Cholesterol modifies water concentration and dynamics in phospholipid bilayers: a fluorescence study using Laurdan probe.

The effect of cholesterol on the gel, the liquid-crystalline, and mixed phospholipid phases has been studied using the fluorescence properties of 2-dimethylamino-6-lauroylnaphthalene (Laurdan). Laurdan sensitivity to the polarity and to the dynamics of its environment reveals that cholesterol affects phospholipid bilayers in the gel phase by expelling water and by increasing the amount of dipolar relaxation.
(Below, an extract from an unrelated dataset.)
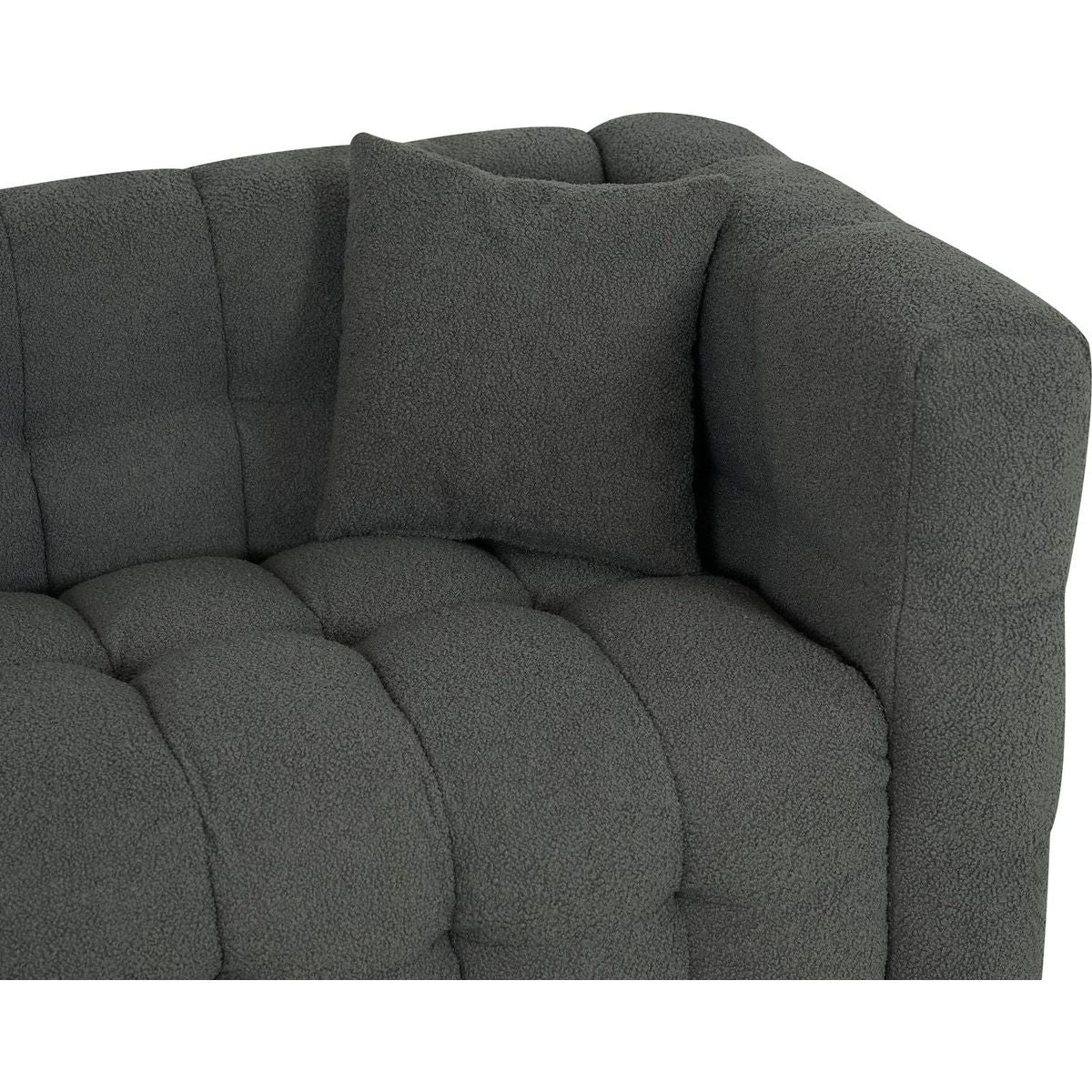 inch gray teddy velvet sofa with two throw pillows in living room Bedroom apartment sofa supported by hardware feet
In the liquid-crystalline phase, the effect of cholesterol is a reduction of both water concentration and amount of dipolar relaxation. Detailed studies of Laurdan excitation and emission spectral contours as a function of cholesterol concentration show that there are some cholesterol concentrations at which Laurdan spectral properties changes discontinuously. These peculiar cholesterol concentrations are in agreement with recent observations of other workers showing the formation of local order in the liquid-crystalline phase of phospholipids upon addition of phospholipid derivatives of pyrene. A local organization of phospholipids around cholesterol molecule seems to be produced by the presence of peculiar concentrations of cholesterol itself. This local organization is stable enough to be observed during the excited state lifetime of Laurdan of approximately 5-6 ns.